This January, for my birthday I took myself to see “Here We Are,” Sondheim’s final musical, which was presented posthumously at The Shed in New York City’s Hudson Yards development district. The experience was… very large, and I’ve been grappling with what to do with it ever since. I’m organizing my thoughts into an essay and figured I’d surface them up as I get “chunks” “done”. This is all first-draft stuff, but I’m trying to keep myself from being Emily Dickinson stuffing all her poems in a drawer.
Here we Are is the final play by Stephen Sondheim, which was produced posthumously and premiered off-Broadway at The Shed in October 2023. Its production is, as it often is, a character in this story.
In his article "The complete, from beginning-to-end story of how Stephen Sondheim, David Ives, and Joe Mantello created the musical Here We Are," longtime friend and theater critic Frank Rich traces the genesis of the Buñuel project to June of 1982 when a then 52-year old Sondheim found himself in the unenviable position of what to do next after a flop. His last project, Merrily We Roll Along flopped hard with the audience, and even worse with critics. As he relates to collaborator James Lapine in Putting it Together, "The reception of Merrily really shook me, because there was so much anger and, I think hatred toward the show in so-called Broadway circles... I thought, I don't want to be in this profession, it's just too hostile and mean-spirited." On November 28, 1981, lasting just sixteen performances over its twelve-day run, Merrily closed. A despondent Sondheim considered developing video games if things didn't turn around.
Nevertheless, he continued to pursue theatrical works. Upon seeing the play 'Table Settings' by 33-year old playwright James Lapine, he arranged a meeting with him to discuss potential projects to collaborate on. While this fateful meeting would eventually lead to the development of Sunday in the Park with George (itself a divisive, if significantly less cruelly received play), it was also where Sondheim and Lapine first discussed the possibility of adapting two of Spanish-born surrealist filmmaker Luis Buñuel's movies into a musical - the light comedy The Discreet Charm of the Bourgeoisie and the much darker Exterminating Angel.

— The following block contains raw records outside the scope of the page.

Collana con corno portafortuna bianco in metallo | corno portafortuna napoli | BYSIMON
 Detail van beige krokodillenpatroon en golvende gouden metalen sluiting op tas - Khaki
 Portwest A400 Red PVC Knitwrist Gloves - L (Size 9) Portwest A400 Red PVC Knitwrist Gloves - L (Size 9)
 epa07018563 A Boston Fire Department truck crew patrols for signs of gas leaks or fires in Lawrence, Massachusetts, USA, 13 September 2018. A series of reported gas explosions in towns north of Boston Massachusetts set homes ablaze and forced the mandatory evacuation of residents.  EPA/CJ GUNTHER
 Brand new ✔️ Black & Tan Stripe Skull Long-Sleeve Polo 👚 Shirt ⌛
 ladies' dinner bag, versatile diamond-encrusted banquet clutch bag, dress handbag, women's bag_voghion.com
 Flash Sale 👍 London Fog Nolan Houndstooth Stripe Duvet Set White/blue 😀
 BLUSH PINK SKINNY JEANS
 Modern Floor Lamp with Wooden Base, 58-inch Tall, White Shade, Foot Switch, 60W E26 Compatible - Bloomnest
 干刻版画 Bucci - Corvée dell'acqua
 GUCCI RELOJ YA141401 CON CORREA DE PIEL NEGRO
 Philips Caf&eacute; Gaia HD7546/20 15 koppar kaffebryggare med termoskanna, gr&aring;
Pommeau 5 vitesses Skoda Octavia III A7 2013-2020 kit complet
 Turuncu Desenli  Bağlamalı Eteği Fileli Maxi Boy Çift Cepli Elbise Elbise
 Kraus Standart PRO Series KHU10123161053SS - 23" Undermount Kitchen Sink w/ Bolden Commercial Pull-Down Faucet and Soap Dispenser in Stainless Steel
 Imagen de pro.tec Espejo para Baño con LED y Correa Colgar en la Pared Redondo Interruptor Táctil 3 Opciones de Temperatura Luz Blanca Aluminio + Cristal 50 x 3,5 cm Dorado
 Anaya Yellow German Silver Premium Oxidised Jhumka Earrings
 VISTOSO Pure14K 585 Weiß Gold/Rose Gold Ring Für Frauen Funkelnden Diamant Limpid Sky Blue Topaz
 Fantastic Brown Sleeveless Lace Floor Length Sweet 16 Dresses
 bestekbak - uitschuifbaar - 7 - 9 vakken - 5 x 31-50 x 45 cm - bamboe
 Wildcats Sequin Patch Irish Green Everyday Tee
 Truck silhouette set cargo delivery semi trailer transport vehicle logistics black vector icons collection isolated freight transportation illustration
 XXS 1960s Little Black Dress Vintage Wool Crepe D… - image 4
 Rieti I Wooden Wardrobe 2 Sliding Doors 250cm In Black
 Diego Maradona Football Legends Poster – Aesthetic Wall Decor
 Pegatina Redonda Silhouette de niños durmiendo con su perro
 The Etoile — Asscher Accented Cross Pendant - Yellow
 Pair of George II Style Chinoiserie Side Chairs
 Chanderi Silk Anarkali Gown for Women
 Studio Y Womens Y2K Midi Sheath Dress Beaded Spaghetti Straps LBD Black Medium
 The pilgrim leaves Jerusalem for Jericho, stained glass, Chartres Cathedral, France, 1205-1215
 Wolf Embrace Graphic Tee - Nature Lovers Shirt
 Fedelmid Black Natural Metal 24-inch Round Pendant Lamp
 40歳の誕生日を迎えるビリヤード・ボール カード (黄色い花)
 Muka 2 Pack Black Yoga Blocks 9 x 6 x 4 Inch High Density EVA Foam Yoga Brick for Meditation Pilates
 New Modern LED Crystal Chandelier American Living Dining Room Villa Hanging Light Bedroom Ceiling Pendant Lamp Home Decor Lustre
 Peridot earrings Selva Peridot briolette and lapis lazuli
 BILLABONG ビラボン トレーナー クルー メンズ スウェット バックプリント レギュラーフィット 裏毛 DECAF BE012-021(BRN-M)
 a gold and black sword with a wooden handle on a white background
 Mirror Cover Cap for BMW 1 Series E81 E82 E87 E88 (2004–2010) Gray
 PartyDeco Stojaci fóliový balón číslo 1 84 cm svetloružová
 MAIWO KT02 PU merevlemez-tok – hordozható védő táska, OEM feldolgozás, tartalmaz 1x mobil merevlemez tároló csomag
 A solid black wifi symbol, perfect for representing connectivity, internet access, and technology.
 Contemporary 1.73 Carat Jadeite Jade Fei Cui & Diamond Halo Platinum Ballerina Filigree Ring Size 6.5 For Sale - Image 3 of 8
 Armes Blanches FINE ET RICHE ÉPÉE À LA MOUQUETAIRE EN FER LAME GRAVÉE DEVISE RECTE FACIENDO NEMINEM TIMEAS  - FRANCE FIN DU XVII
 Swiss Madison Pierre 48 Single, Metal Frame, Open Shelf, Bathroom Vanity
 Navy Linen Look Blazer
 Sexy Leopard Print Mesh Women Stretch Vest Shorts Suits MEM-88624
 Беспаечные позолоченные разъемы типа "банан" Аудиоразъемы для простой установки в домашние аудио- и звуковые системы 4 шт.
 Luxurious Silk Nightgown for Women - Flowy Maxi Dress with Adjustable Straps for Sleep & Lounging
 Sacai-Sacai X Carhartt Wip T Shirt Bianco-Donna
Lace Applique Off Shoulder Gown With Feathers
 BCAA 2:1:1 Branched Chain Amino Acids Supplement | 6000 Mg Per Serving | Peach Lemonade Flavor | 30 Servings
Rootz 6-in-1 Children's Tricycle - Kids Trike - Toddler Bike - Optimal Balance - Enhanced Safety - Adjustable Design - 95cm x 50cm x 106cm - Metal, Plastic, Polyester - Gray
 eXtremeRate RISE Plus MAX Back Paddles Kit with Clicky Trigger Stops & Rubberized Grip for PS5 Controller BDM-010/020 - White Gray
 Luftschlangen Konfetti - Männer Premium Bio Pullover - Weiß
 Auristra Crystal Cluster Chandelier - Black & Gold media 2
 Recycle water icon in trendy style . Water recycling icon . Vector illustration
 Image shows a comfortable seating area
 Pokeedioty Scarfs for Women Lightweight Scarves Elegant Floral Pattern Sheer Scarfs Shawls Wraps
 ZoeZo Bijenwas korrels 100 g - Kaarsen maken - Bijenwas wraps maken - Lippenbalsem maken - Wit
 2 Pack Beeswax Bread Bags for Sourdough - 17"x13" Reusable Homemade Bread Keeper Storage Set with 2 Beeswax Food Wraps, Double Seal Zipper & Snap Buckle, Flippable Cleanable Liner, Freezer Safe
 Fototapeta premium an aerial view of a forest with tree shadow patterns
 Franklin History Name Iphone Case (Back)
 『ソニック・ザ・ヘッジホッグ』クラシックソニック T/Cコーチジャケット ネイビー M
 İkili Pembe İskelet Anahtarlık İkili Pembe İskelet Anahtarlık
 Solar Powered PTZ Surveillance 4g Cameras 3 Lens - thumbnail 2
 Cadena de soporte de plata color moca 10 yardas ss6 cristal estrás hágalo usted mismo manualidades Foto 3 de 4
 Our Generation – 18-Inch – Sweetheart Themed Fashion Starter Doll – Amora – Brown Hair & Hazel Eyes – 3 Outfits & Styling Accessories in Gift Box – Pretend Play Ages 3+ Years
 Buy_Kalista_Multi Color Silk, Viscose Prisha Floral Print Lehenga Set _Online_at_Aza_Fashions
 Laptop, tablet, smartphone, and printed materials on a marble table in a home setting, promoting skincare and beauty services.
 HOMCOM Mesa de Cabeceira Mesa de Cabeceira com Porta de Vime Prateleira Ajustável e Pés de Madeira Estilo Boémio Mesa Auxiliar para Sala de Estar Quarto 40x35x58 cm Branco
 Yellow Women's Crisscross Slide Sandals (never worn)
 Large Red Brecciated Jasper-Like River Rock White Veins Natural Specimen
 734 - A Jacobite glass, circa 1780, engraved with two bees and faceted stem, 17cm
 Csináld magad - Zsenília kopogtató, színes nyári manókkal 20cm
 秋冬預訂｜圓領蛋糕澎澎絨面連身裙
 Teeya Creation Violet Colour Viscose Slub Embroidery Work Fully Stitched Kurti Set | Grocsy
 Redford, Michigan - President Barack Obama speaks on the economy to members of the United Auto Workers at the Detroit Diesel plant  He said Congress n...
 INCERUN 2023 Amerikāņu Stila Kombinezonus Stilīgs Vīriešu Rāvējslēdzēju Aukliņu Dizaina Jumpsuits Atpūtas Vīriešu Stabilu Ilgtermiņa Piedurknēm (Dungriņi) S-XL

The Discreet Charm of the Bourgeoisie is a social satire from 1972 that follows a group of friends that move from scenario to scenario wherein strange circumstances prevent them from having a meal (problems range from a restaurant simply being closed to reality breaking down around them, revealing the friends to all be characters in a play-within-a-movie [that turns out to be a dream]. Got all that?). Exterminating Angel I haven't watched yet, so, #TODO , but the gist is a (different) group of socialites find themselves unable to leave a dinner party, leading to chaos and a breakdown of social norms.
While the musical would remain somewhere in the back of his mind for years, it wouldn't be until 2013 when Sondheim and playwright David Ives would begin to work on it in earnest. As Rich meticulously captures in "The complete, from beginning-to-end story..." progress on the show happened in fits and starts, in large part due to the difficulty of cracking Act Two - Sondheim in particular found the characters had no reason to sing once all trapped in the same room. It wouldn't be until a year into the pandemic in May 2021 that director Joe Mantello would have the realization that they shouldn't. When Sondheim's longtime friends Bernadette Peters and Nathan Lane performed a reading in September 2021, he saw that Mantello was right. Two weeks later on September 15th he'd announce to the Colbert Show that "Square One" (a title he hadn't cleared with his collaborators - Ives and Mantello eventually landed on "Here We Are") was hopefully going to be part of the 2022 Broadway season. Two months later, he died on Thanksgiving day leaving Buñuel in Ives and Mantello's hands to carry on.
In October 2023, Here We Are premiered at the Shed, seated in the Hudson Yards development district. One of the most ambitious private real estate developments in the country, Hudson Yards has been the subject of endless controversies. Billions of dollars in tax exemptions and bonds were diverted from public services to create a playground for the wealthy, increasing the foothold of private spaces in a shared urban area and raising concerns about displacing lower-income residents in surrounding areas.
Personally, I found myself extremely uncomfortable at The Shed. In general, I am deeply skeptical of "luxury," as it always seems to come at an expense I'd rather not pay (and I don't necessarily mean monetarily - though I did have to donate to the theater to be put on their mailing list to get notification when tickets for Here We Are went on sale). I wasn’t alone - when I got out of "Here We Are," one of my fellow theater-goers, talking to their friend said "now lets get out of Hudson Yards and go someplace where people treat each other like humans." As a deep examination of the cruelty embedded in the feckless and mercurial lives of the ultra rich, Here We Are could not find a more appropriate home.